**Activity:** Write out the stretch of lines below that begins at the line with "New 2025 Toyota Prius XSE image 17" and ends at the line with "Plus size capris - Picture 3 of 5", including both, exactly as given and nothing more.

**Supplied material:**

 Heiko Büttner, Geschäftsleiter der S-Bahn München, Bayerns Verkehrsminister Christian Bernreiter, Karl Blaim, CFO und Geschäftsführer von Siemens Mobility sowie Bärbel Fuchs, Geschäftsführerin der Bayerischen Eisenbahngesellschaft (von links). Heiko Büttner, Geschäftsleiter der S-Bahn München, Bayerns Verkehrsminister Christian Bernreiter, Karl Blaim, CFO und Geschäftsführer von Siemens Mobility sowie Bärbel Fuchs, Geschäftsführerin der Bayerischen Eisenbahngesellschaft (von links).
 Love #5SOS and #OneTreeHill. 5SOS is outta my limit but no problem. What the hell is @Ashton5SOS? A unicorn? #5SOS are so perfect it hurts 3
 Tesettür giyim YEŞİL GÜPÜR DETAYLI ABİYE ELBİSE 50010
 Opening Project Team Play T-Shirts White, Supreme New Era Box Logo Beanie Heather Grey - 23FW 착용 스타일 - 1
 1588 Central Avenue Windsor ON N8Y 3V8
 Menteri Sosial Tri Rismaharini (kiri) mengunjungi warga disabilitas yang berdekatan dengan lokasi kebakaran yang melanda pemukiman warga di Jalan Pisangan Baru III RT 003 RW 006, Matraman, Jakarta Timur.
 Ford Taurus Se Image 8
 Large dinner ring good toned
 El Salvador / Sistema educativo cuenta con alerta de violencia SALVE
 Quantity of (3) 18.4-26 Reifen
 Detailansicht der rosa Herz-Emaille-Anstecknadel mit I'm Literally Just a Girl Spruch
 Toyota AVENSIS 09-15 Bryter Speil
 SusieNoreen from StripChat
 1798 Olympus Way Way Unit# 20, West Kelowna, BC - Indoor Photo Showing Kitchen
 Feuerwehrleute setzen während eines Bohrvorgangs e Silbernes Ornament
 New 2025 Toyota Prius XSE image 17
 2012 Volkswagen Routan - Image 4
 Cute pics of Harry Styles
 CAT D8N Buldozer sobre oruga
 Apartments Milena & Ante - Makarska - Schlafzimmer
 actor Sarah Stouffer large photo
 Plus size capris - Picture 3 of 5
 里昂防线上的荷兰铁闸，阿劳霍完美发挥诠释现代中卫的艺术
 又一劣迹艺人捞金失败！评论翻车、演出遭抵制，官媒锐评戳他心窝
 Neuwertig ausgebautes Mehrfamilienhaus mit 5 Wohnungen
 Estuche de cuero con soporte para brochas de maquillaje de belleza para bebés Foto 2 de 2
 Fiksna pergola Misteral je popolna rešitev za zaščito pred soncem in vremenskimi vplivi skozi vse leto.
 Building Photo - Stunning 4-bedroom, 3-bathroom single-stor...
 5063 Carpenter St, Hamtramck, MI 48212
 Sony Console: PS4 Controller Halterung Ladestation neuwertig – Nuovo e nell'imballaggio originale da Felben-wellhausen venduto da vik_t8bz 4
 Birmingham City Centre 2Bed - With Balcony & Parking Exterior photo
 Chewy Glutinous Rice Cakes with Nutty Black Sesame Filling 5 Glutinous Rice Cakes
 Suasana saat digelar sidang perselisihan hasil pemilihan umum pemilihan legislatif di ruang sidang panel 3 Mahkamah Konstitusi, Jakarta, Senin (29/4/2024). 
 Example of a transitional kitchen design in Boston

**Your response:**
 New 2025 Toyota Prius XSE image 17
 2012 Volkswagen Routan - Image 4
 Cute pics of Harry Styles
 CAT D8N Buldozer sobre oruga
 Apartments Milena & Ante - Makarska - Schlafzimmer
 actor Sarah Stouffer large photo
 Plus size capris - Picture 3 of 5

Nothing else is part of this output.